Sidenote; the laptop has had issues with throttling before, so it has been cleaned out and repasted, along with having a permanent residency on top of a book for some elevation for air circulation.


----------



## unclewebb (May 3, 2022)

MornesGreatHammer said:


> I'm hitting a mental brick wall


It looks like the wall you are hitting is a thermal brick wall.

Keep in mind that Intel gave the 9750H a 45W TDP rating. Dell engineering likely designed a heatsink and fan with this spec in mind. When you decide to run the CPU at 60W and beyond, it is not surprising that the CPU is reaching the maximum safe temperature, 100°C, and thermal throttling to protect against any damage.

You have a couple of choices at this stage. You can design and engineer a more capable heatsink or you can reduce the maximum CPU speed or you can reduce your turbo power limits or you can let your CPU bounce off the 100°C thermal throttling temperature during full load stress testing.



MornesGreatHammer said:


> I want to see if there's another way


Not really. Your undervolt is appropriate and working correctly. There is not much else you can do other than what I listed above. No way to beat the laws of thermodynamics. The inability of your heatsink and fan to dissipate much more than 60W is your limiting factor. The 9750H can go up to 70W or a little beyond but not with your heatsink. It will be forced to thermal throttle if you try to get more speed out of it at full load.
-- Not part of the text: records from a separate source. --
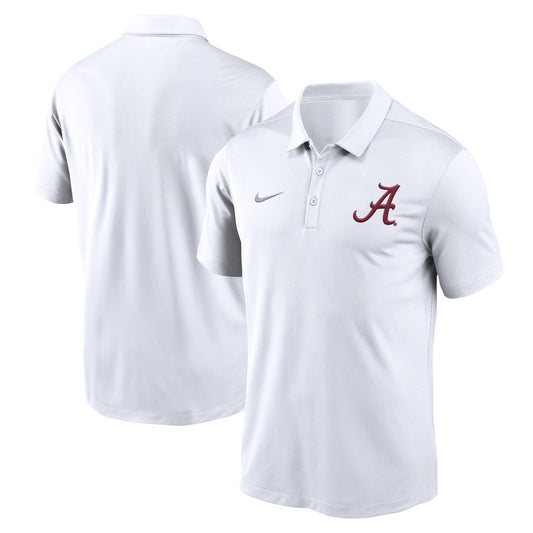 Men's Nike White Alabama Crimson Tide Primetime Franchise Performance Polo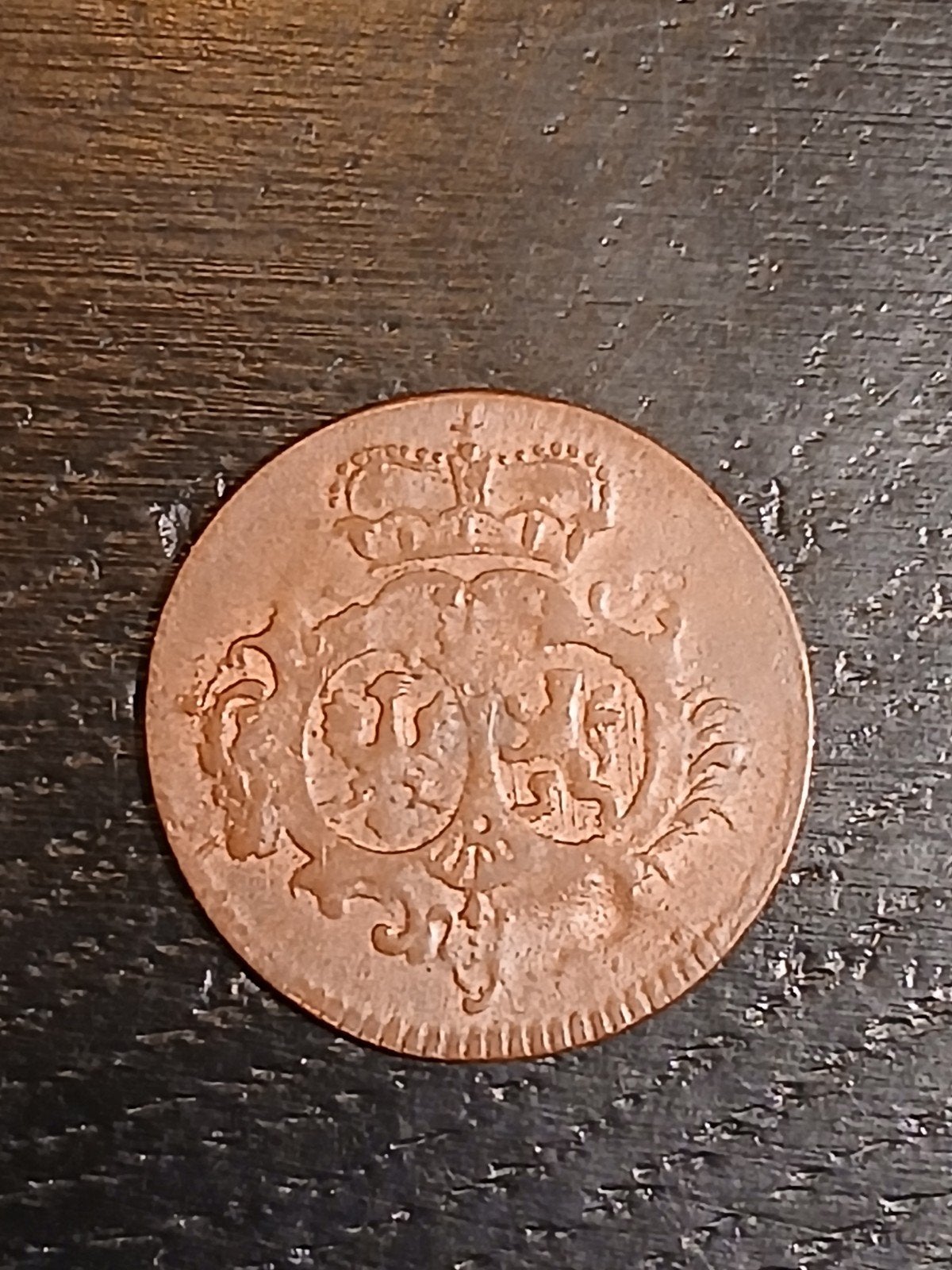 1/4 Stüber 1757 Duitse graafschap Sayn-Altenkirchen, Ophalen of Verzenden, Duitsland, Losse munt
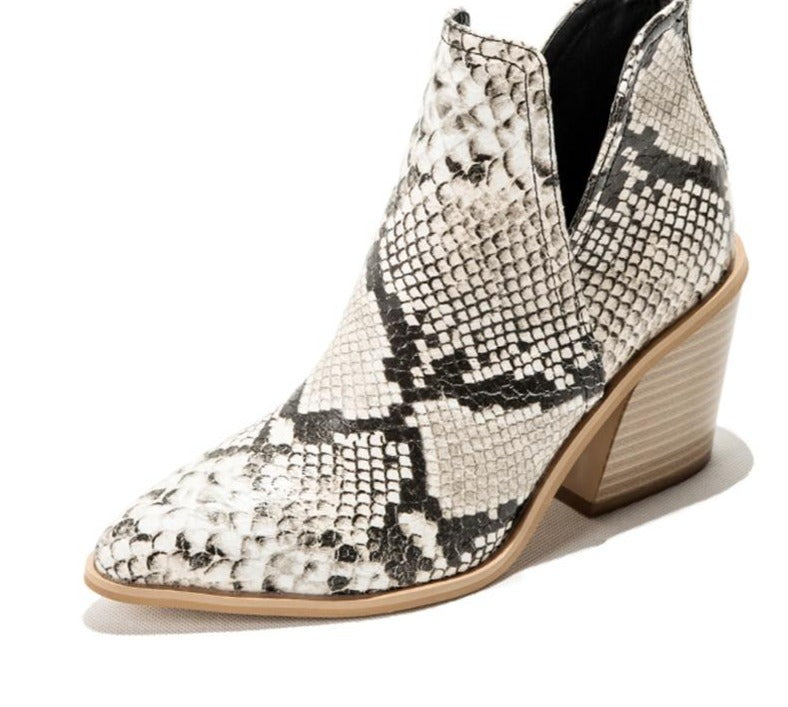 Merel - Trendy Cowboylaarzen met Hoge Hak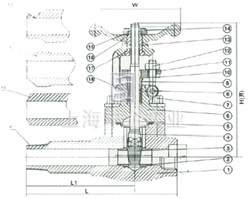 800Lb鍛鋼排液放空閥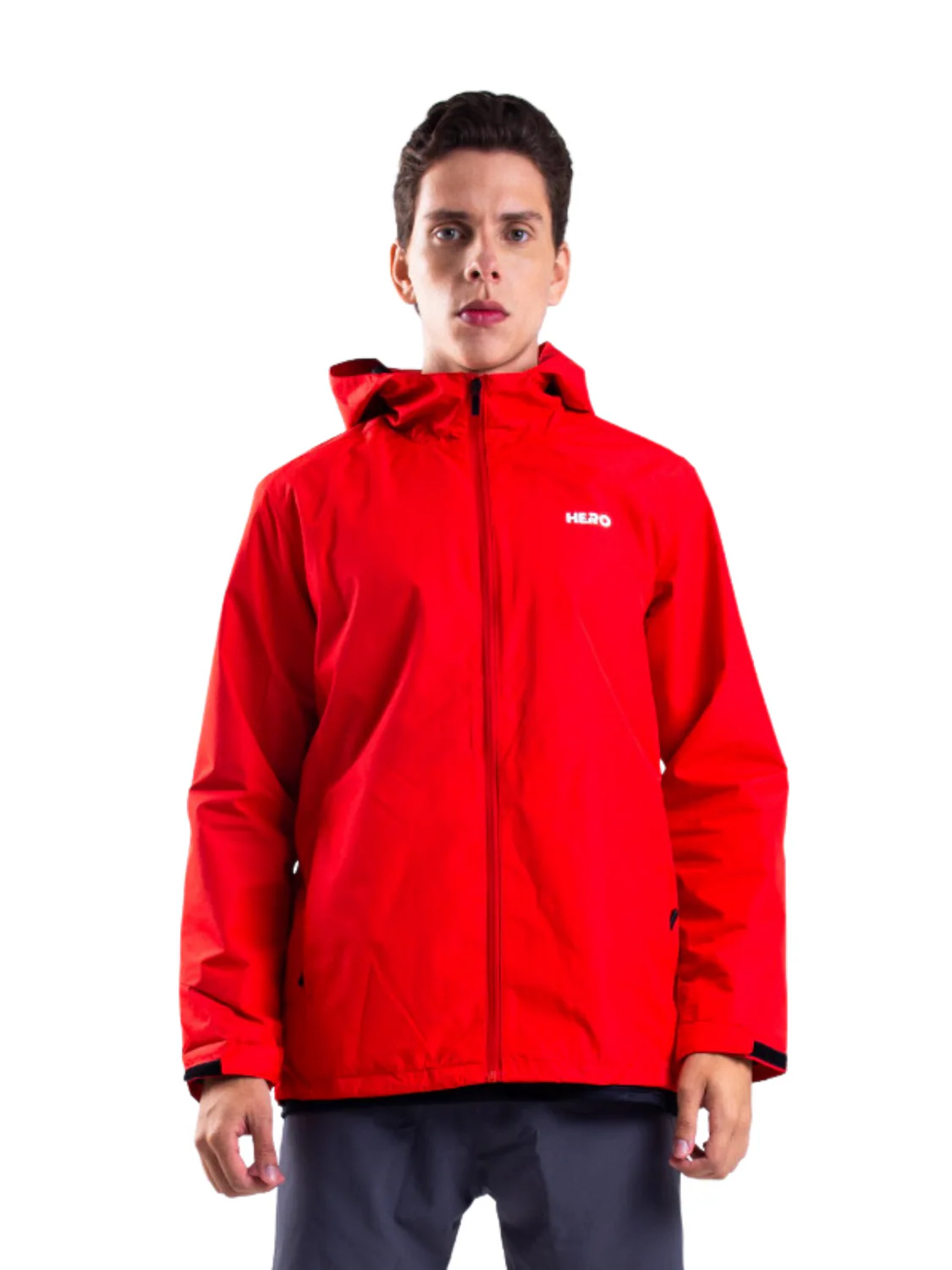 CHAQUETA IMPERMEABLE BASICA HERO ROJO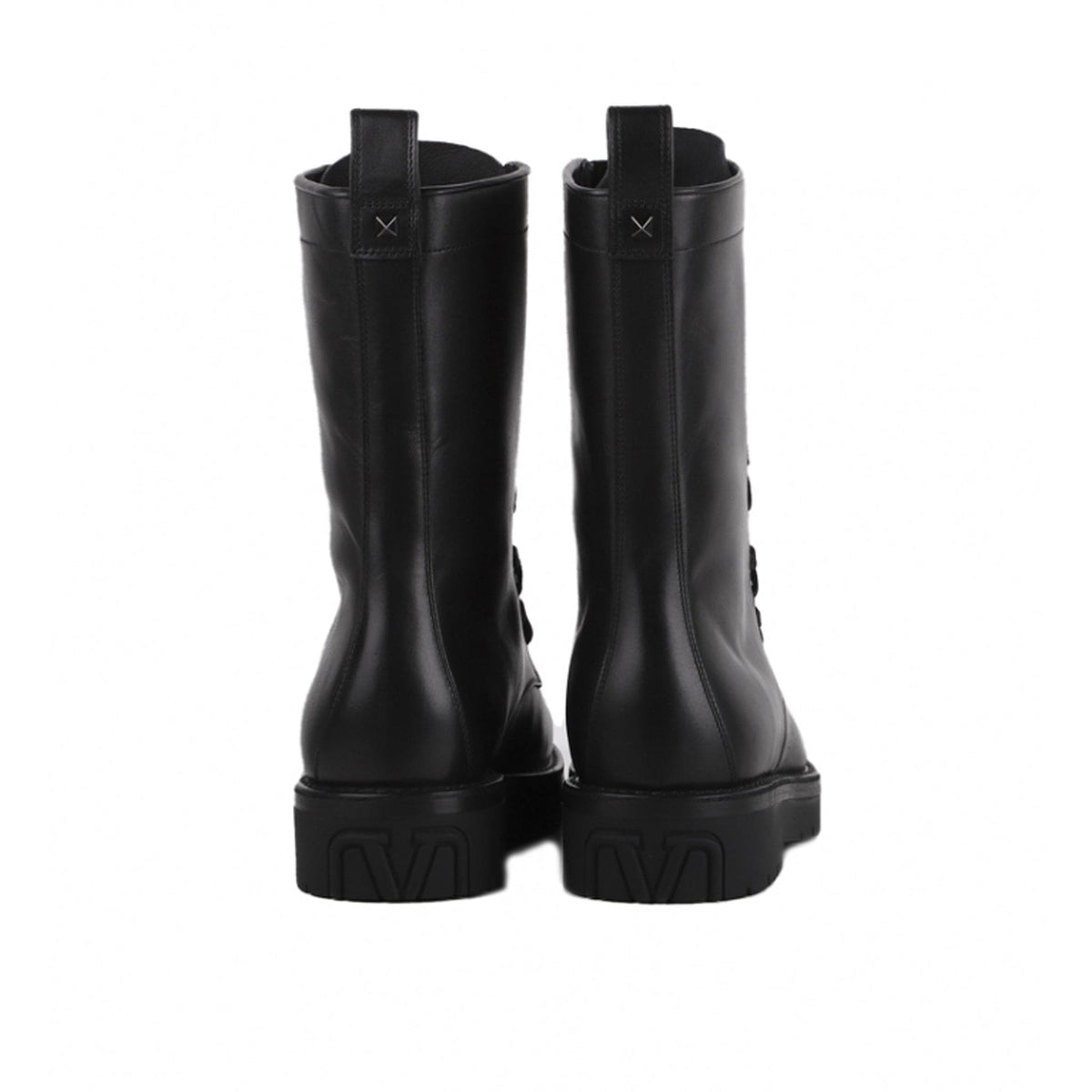 Valentino Garavani Valentino Garavani Combat Leather Boots | Banlieue91
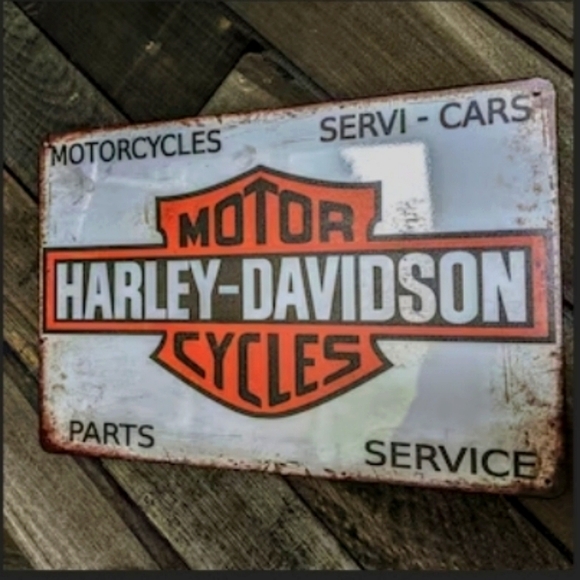 Harley davidson wall Tins - Picture 1 of 4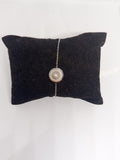 Bracelet rosace argenté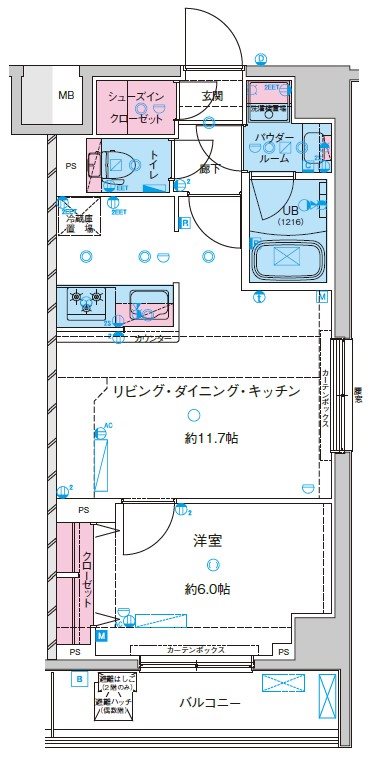 GENOVIA鐘ヶ淵の間取り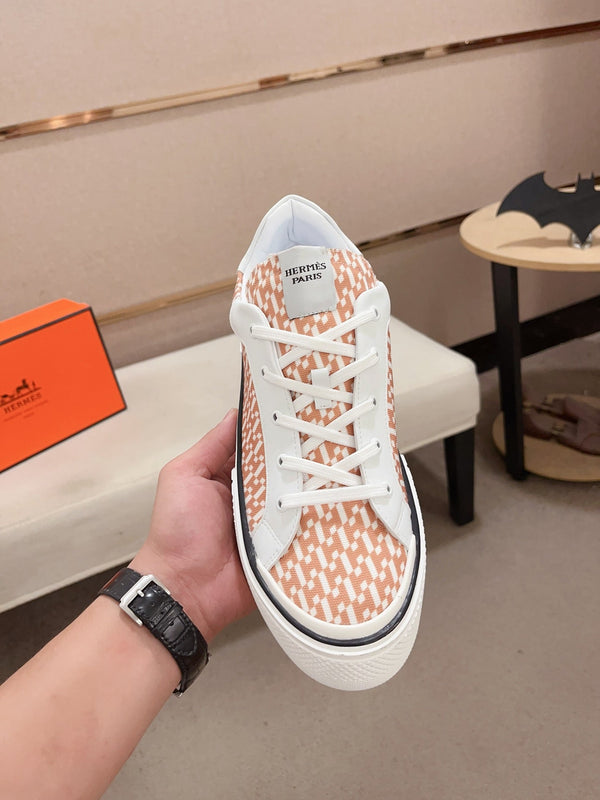 HM DAY SNEAKER WHITE AND CARROT FABRIC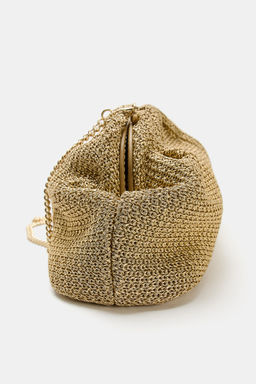 BOLSO SOBRE CUERPO TRENZADO / Oro - Zara фото 5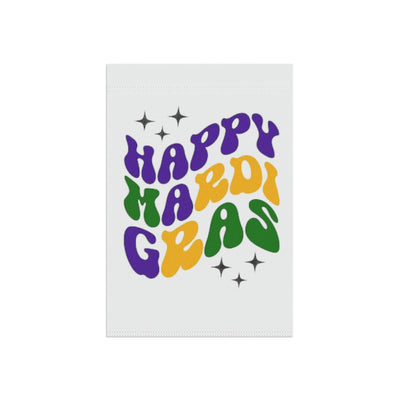 Happy Mardi Gras Garden & House Banner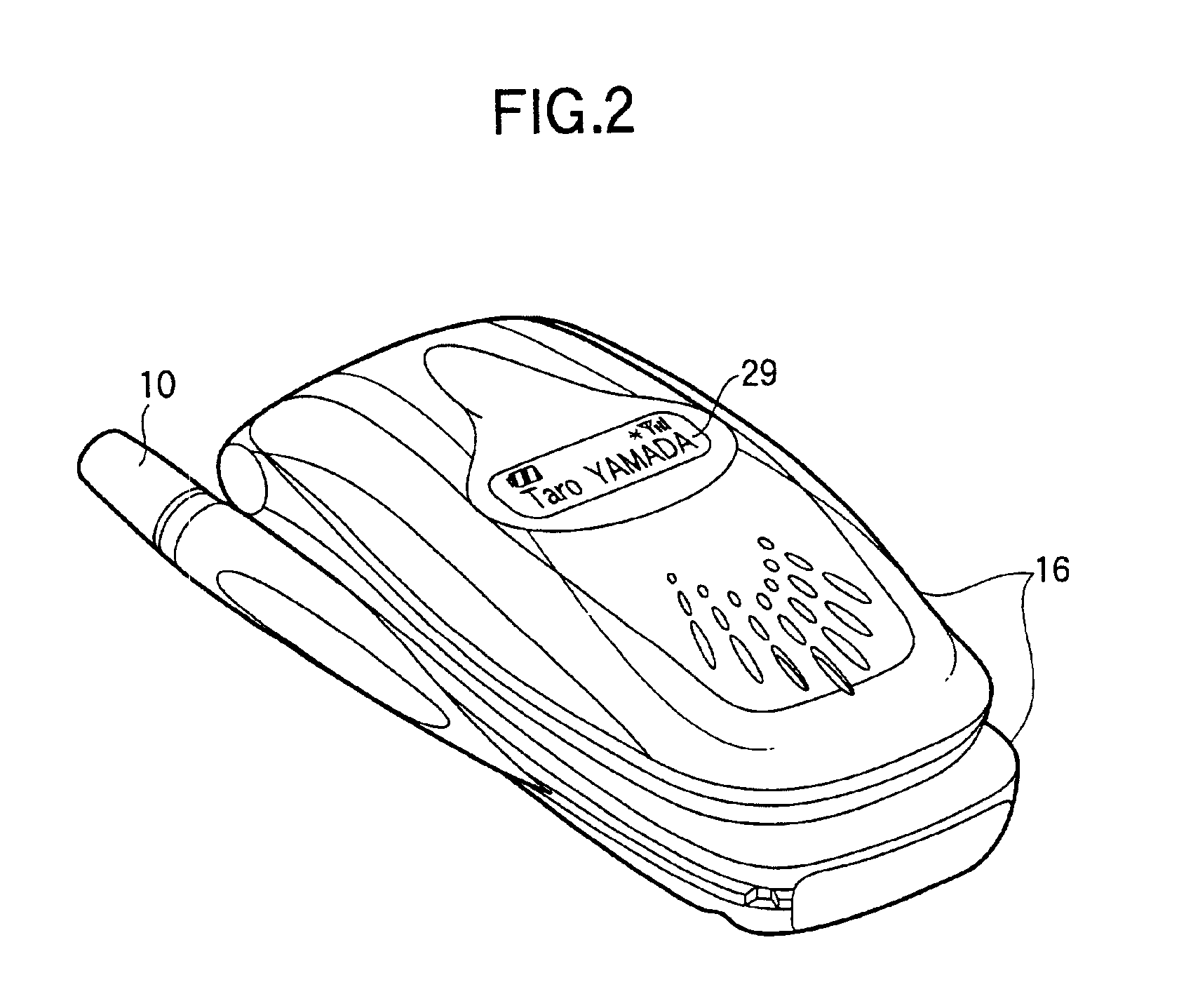 Folding portable radio device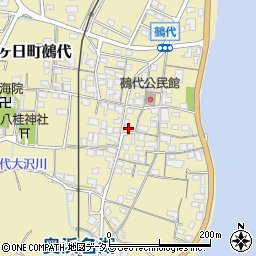 静岡県浜松市浜名区三ヶ日町鵺代周辺の地図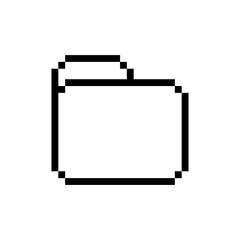 file manager pixel icon vector design with trendy style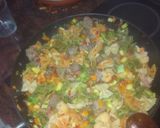 Foto del paso 6 de la receta: Wok de pasta con carne y verduras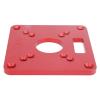 Universal Aluminum Router Table Insert Plate with Flip Trimming Board for Woodworking Benches Compatible with Router Bushing Guides Trim Base Plates view 3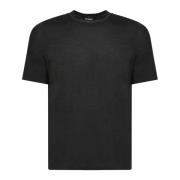 Zwarte T-shirt voor mannen Dell'oglio , Black , Heren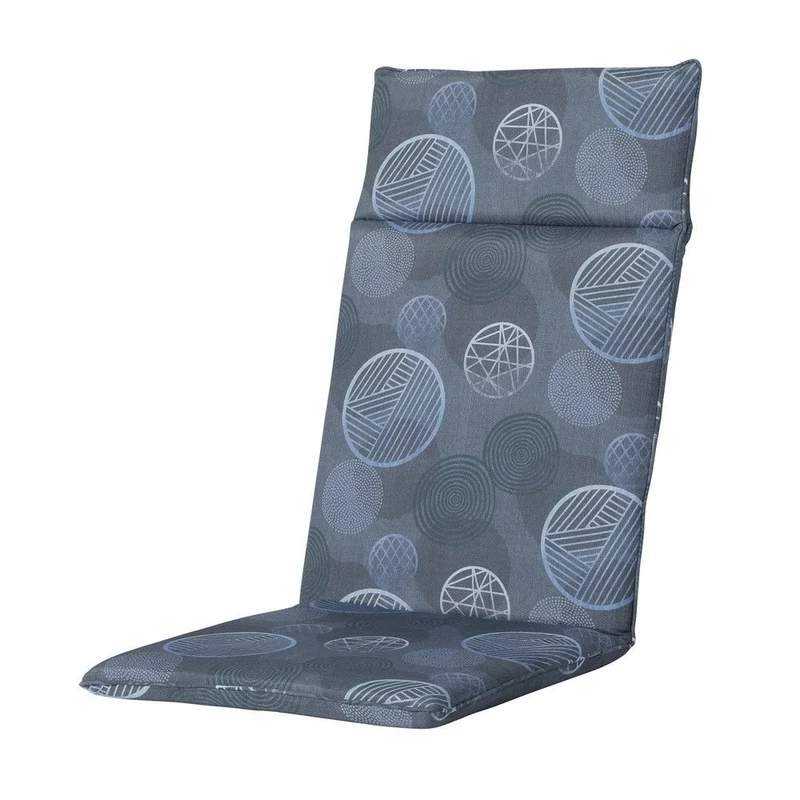 Madison universeel kussen hoge rug Circle blue 120x50 cm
The 60W / 75W MSR limits seem more realistic than having the MSR PL1 and PL2 limits both set to 90W.


----------



## MornesGreatHammer (May 3, 2022)

unclewebb said:


> It looks like the wall you are hitting is a thermal brick wall.
> 
> Keep in mind that Intel gave the 9750H a 45W TDP rating. Dell engineering likely designed a heatsink and fan with this spec in mind. When you decide to run the CPU at 60W and beyond, it is not surprising that the CPU is reaching the maximum safe temperature, 100°C, and thermal throttling to protect against any damage.
> 
> ...


I've made further adjustments, primarily in increasing the cpu core undervolt, which has yielded good results but is unfortunately unstable, resulting in occasional BSOD's. I'm gonna be slowly pulling into more conservative numbers to find my sweetspot; but I will modify my PL1 and PL2 limits as well! thank you for the feedback


----------



## unclewebb (May 4, 2022)

MornesGreatHammer said:


> increasing the cpu core undervolt


Some people are stable with the cache at -125 mV and the core offset at -175 mV. Try reducing the cache to -120 mV if this is not stable.


----------



## LogPap (May 5, 2022)

Hello, i can set the cache votage to: -102,5mv. Everyting above end's with a bluescreen after intense gaming. Core voltage can be increased much lower with stable results. I use a i7 9750h in a MSI g65

Greets


----------



## unclewebb (May 5, 2022)

LogPap said:


> I can set the cache voltage to: -102,5mv. Everything above end's with a bluescreen


It is all luck of the draw. Some CPUs can undervolt much more than others. 

It is never a good idea to copy and paste someone else's settings you found on the internet. Always best to do lots of testing to find out what works best on your CPU.


----------